The Region 1 Buffy 40-disc boxed set includes a note from Joss Whedon as well as an extra disc (the 40th) with exclusive special features:

- Back to the Hellmouth: A Conversation with Creators and Cast – with Joss Whedon, Marti Noxon, David Fury, Drew Goddard, Jane Espenson, Nicholas Brendon, Charisma Carpenter, Emma Caulfield, and Danny Strong
- Breaking Barriers: It's Not a Chick Fight Thing
- Love Bites: Relationships in the Buffyverse
- Evil Fiends
- Buffy: An Unlikely Role Model
- Buffy Cast and Crew: Favorite Episodes

A repackaged 39-disc version was released on October 12, 2010, excluding the extra disc of bonus features.

===Slimmer versions===
The entire series was re-released on DVD in 2006, in a "slimmer" package with the same bonus materials that were featured in the original fold out versions. Even "slimmer" versions were issued in 2008.

===Thematic releases===
Two special Region 1 DVD releases contain assorted episodes from various seasons:

- Spike: Love is Hell (October 2005)
This single-disc release includes four Spike-related episodes: "School Hard", "Lie to Me", "Lovers Walk" and "Fool for Love", as well as a special feature on the character.
- The Curse of the Hellmouth (September 2006)
A two-disc set that contains eight Sunnydale-related episodes: "The Pack", "Halloween", "Passion", "The Wish", "Helpless", "Fear, Itself", "Hush" and "Same Time, Same Place", as well as a short supplemental featurette.

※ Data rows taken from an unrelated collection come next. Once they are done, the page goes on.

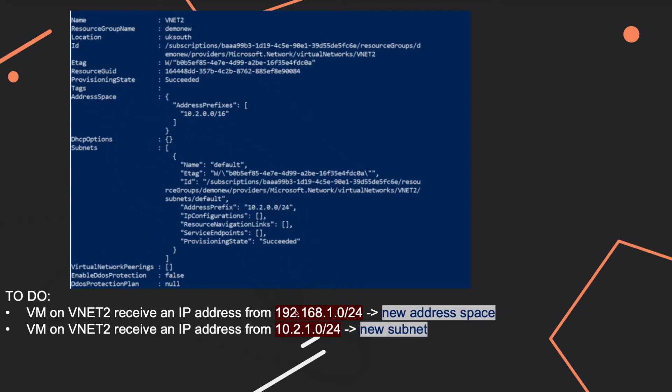So in the first case, you'll have to add a new address space. And once this address space is added in here, then you make sure that your subnet, you have a subnet with this address prefix.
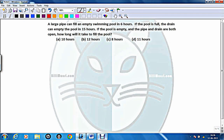Hi friends. This given question is based upon pipes and systems. Pipes and systems are just an example of time, speed and distance, where distance is kept as a constant. So what is the constant part here? The capacity of the pool is constant.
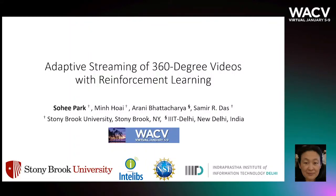Welcome to WACB 2021. My name is Sohee Park. Today I am going to present our work on adaptive streaming of 360-degree videos with reinforcement learning.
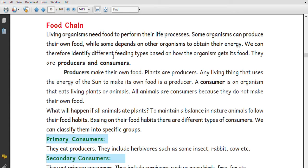Producers make their own food. Plants are producers — any living thing that uses the energy of the sun to make their own food is called a producer.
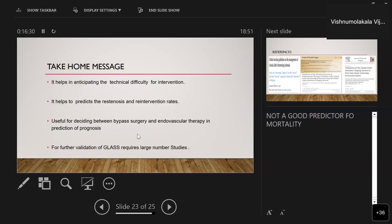The take-home message from GLASS classification is that it may help anticipate technical difficulty for intervention — open or endovascular — and may help predict restenosis and re-intervention rates based on prior angiographic evidence. It can assist in deciding between bypass surgery and endovascular therapy. However, validation of GLASS is not yet complete due to the limited number of studies; further validation requires large cohort studies. Additionally, GLASS is not a good predictor of mortality because it does not include all anatomical patient conditions and limb factors.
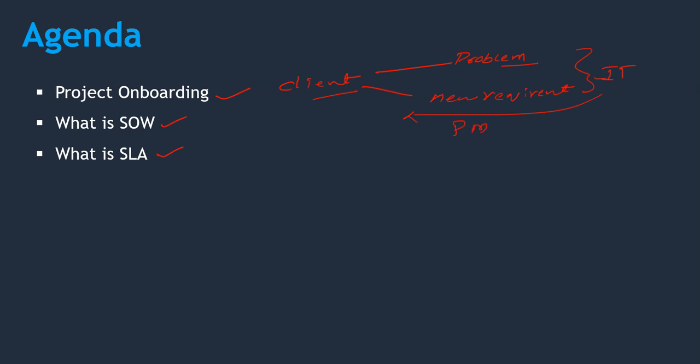This team we will call the project management team. This project management team understands the client requirement and there will be multiple discussions, and they come up with a solution. So while providing a solution, the project management team asks about the budget, so based on the budget the solution will be provided.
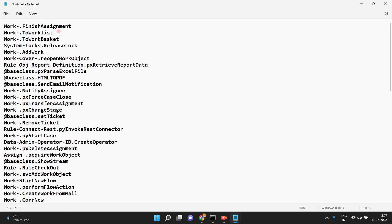These are the most frequently used OOTB activities: finish assignment, to work list, to work basket, release lock. Even from an interview point of view, they will ask you to list some OOTB activities you have used in your implementation. When we use change stage, send an email, or generate a PDF, you may not know what is happening internally — so at least for knowledge purposes you need to be aware of all these OOTB activities.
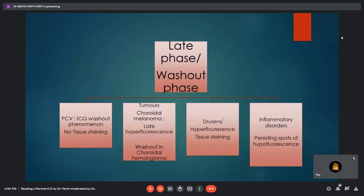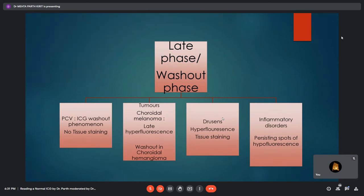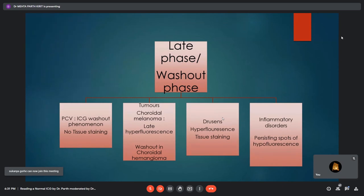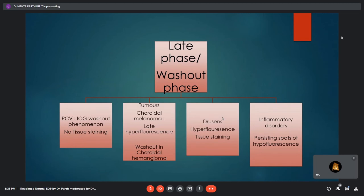In the late/washout phase, in cases of polypoidal choroidal vasculopathy, the ICG washout phenomenon is important: in early phases the polyp appears hyperfluorescent with a hypofluorescent margin, but in the late phase there may be reversal — hyperfluorescent margins with the polyp appearing hypofluorescent. In choroidal melanoma, late hyperfluorescence and dual circulation can be demonstrated. Choroidal hemangioma shows distinct washout. Inflammatory choroidal disorders like VKH, multiple evanescent white dot syndrome, and serpiginous choroiditis show persisting spots of hypofluorescence in late phases.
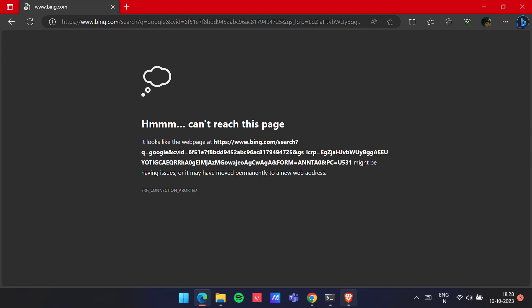Hello guys, welcome to my channel. Today we're going to see how to fix the 'can't reach this page' error in Microsoft Edge. Let's fix it.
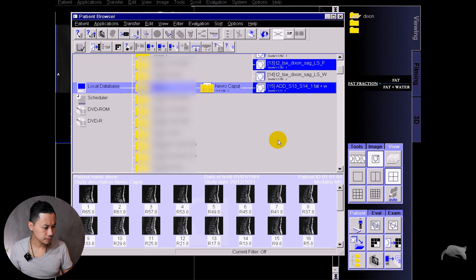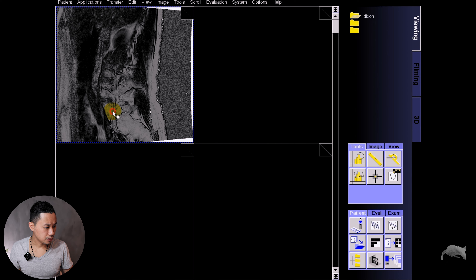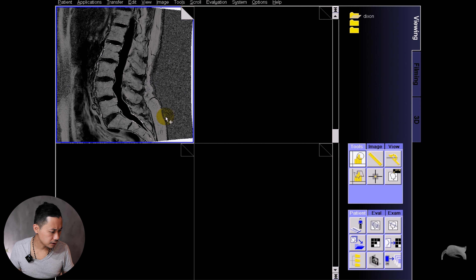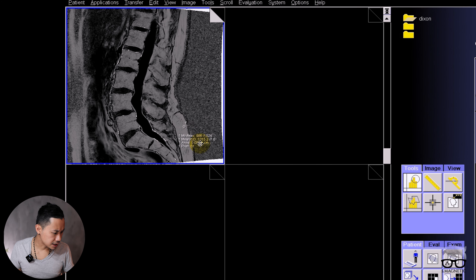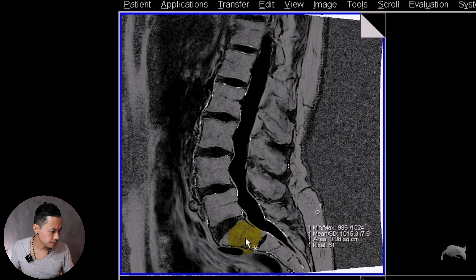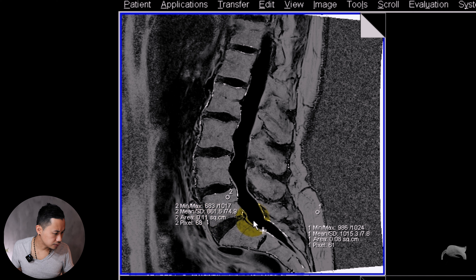Then we're going to do a test before we put Apply — I just choose a middle slice and do a test to see if the images come out as I wanted. It seems perfect. Then I put OK and drag and drop the sequence into the viewer.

In Region 2, there have been several single-disc releases named after individual characters from the show, under the overarching title of "The Slayer Collection". Each contains four episodes and a character profile. The Spike-centric DVD contains the same episodes as the Region 1 "Love is Hell" collection. Other discs focus on Willow, Xander, Giles, Cordelia, Dawn, Angel, and Faith.

Two other single-disc Region 2 DVDs have been released. The first is titled "The Very Best of...". It contains these four episodes: "Becoming, Part One", "Graduation Day, Part Two", "Hush", and "The Gift". The second contains the episode "Once More, with Feeling" and a number of special features including a featurette on season 1 of Angel and a featurette titled "Buffy, Inside the Music".

In October 2008, a limited edition bonus DVD was made available exclusively to the retail chain Best Buy. The Region 1 85-minute DVD documents the 2008 Buffy Reunion at the Paley Festival, filmed on March 20, 2008. The DVD features interviews with Amber Benson, Nicholas Brendon, Charisma Carpenter, Emma Caulfield, Sarah Michelle Gellar, Seth Green, David Greenwalt, James Marsters, Michelle Trachtenberg & Joss Whedon. The DVD is available on Amazon and manufactured on-demand using DVD-R media.